The movie takes place in rural Kazakhstan, and by rural, I mean very rural," wrote Opus at Twitch when he caught it at the Toronto Film Festival last year. "Houses dot vast fields, which are littered with the remains of electrical towers, empty warehouses, and other dwellings. The people who live in this place are a curious mix of European, Asian and Middle Eastern nationalities, and it's this mixture of cultures, in addition to the stunning landscape, that kept me intrigued, sometimes even moreso than the actual storyline.... It's somewhat hard to place what, exactly, Schizo is. Is it a coming-of-age story, a crime thriller, a dark comedy, what? It's all of those things, and yet its subtlety means it's none of them as well."
The Second Awakening of Christa Klages (1978).
Though she lives in Paris now, the roots of Margarethe von Trotta's career are deeply embedded in the New German Cinema of the 70s and 80s. She acted in a few Fassbinder films and eventually married Volker Schlöndorff, with whom she co-directed The Lost Honor of Katharina Blum (and they would eventually divorce). She broke out on her own with The Second Awakening of Christa Klages, "an acutely observed reflection on her favorite theme: the powerful (and often mysterious) psychic bond among women," as Scott Tobias has written for the AV Club.
Featuring the unforgettable Katharina Thalbach.
Sisters, or the Balance of Happiness. (1981).

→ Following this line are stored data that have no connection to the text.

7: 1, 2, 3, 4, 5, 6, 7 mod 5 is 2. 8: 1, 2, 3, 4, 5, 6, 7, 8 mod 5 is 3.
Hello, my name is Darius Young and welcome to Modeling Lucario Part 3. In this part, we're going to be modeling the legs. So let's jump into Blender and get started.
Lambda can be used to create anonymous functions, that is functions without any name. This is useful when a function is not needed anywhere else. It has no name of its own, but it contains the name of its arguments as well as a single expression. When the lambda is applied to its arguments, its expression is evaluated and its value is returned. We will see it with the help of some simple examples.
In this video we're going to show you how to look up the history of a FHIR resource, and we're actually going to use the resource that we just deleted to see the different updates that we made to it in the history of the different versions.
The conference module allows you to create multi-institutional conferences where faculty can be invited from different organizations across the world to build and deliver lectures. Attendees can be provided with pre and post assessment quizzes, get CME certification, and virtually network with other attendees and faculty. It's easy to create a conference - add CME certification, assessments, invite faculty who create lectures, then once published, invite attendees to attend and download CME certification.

"The film's strength lies in the meticulous, if somewhat dispassionate, manner in which the sisters' natures are contrasted and interwoven," wrote Janet Maslin in the New York Times back in 1982. "Sisters is a quietly accomplished film, and often a very good one, skillful in its examination of both the separateness and the similarity of these two women."
Sheer Madness. (1983).
Again, Scott Tobias in the AV Club: "Were it not for [Margarethe] von Trotta's sophistication and the welcome presence of Hanna Schygulla... Sheer Madness would suffocate from its didactic feminism." An intriguing record of its era.
Rock School. (2005).
Richard Linklater has said he'd never heard of Paul Green when he made School of Rock and we're giving him the benefit of the doubt. But Green, for better and worse, is the real McCoy, a guy who actually runs a school in which he teaches kids to, you know, rock. But he's not quite as sweet or cuddly as Jack Black and the result here, as Manohla Dargis has put it in the New York Times, is an "alternately hilarious and alarming documentary."

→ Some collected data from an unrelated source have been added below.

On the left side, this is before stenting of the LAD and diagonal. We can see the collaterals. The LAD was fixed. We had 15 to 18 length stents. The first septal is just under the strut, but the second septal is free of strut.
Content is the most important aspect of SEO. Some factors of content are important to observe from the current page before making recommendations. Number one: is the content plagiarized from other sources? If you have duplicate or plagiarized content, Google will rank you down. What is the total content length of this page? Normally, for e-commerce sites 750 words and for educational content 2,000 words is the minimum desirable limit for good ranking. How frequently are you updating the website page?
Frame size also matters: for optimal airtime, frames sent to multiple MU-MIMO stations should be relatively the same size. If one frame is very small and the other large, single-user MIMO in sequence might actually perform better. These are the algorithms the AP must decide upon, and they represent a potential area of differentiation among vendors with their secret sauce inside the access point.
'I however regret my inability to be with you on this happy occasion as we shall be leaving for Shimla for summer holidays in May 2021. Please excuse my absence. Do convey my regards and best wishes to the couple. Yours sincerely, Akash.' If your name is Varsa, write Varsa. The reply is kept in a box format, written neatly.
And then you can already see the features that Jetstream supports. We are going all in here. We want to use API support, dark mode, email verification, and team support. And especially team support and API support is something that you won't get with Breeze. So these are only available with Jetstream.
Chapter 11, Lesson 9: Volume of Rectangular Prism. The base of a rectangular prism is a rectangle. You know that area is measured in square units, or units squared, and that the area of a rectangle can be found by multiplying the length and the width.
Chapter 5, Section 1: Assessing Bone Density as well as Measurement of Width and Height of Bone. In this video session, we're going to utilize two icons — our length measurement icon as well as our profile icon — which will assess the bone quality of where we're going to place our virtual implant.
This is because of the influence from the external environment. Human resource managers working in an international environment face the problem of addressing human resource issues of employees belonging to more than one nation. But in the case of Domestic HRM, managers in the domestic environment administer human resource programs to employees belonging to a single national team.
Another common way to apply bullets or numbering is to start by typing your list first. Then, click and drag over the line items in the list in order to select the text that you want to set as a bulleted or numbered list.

"I heartily recommend this film to anyone who loves lesbian romances or BBC costume dramas (or both)," writes LSteele. "The acting is excellent, featuring Imelda Staunton as well as the two up-and-coming leads, Elaine Cassidy and Sally Hawkins. It's not surprising that the 2005 BBC adaptation is so good, considering it's based on an excellent novel by Sarah Waters (of Tipping the Velvet fame). Rent this along with Tipping, and have a compare-and-contrast Victorian lesbian costume-drama extravaganza!"
Bad Timing (1980).
The recent documentary Z Channel: A Magnificent Obsession will whet the appetite of anyone who's seen it for the films that famed LA cable channel's programmer championed. A handful of them were clearly landmarks in the careers and lives of anyone involved - and for the lucky audiences at the time. And Nicolas Roeg's Bad Timing, with Art Garfunkel and Theresa Russell, is one of them. "One of the most unrelentingly grim films ever made about the 'joys' of love," writes Shock Cinema.
This Criterion disc also features new interviews with Roeg and Russell as well as deleted scenes.
The Man Who Fell to Earth (1976).
"I hated it the first time," admits larbeck. "But after more viewing, I learned to love it and appreciate how it was really a groundbreaking film and perhaps ahead of its time, in terms of displaying a sense of angst in an artistic yet still cinematic way."
And SteelyCrain wants to know why David Bowie wasn't nominated for an Oscar.
The film has been released on DVD twice before, but of course, Criterion wouldn't go to the trouble if it weren't offering something new. What we have here is the full, uncut version, a new hi-def widescreen transfer and exclusive commentary by director Nicolas Roeg, Bowie and Buck Henry.
One Missed Call (2004).
"God I love Takashi Miike," writes Jeremy Knox at Film Threat. "One Missed Call plays like a good cover song. It's not just a repetition of the previous tune. It reminds you why you liked the original in the first place and makes you rediscover it. Simply put, if you liked Ringu, if you liked The Eye, if you liked Ju-On, then you will like this movie."
Da Ali G Show. The Complete Second Season (2003).
In his own words: "Me woz born in da heart off da Staines ghetto. I has lived wiv me Nan in Staines at 37 Cherry Blossom Close from da day me woz born, coz wiv both me parents havin been smoked, dere werent no one else around to look afta her. Me has been carin for her ever since. Me woz failed by da skool system and hated every minute me spent in da classroom. In fact added together, dat time woz probly da most borin 3 hours of me life - altho me do still go to a skool re-union every second Monday at Staines Job Centre... As well as bein unemployed - i iz also got a lot off well important careers. As head of Da West Staines Massive, me control da most peace lovin and violent gang in da hole of Barkshire. Afta happearin on some crap programme dat woz on at 11 a clock or somefin, it werent long before me ad me own show. Dis meant me was able to take a in depf look at a lot off serious issues.... I iz now easily da most respekted face on Brittish telly and it iz probably only a matter off time before me get offered me own slot on Channel 5 - or hopefully even cable..."
Otogi Zoshi. Volume 4: Modern History (2005).
"Although it sports numerous intense action sequences, Otogi Zoshi is not exclusively an action series," writes the Anime News Network. "The character design, which emphasizes the long hairstyles typical of the time period, is gorgeous. Sumptuous costuming highlights the designs, easily ranking the series among the best in recent memory in both categories."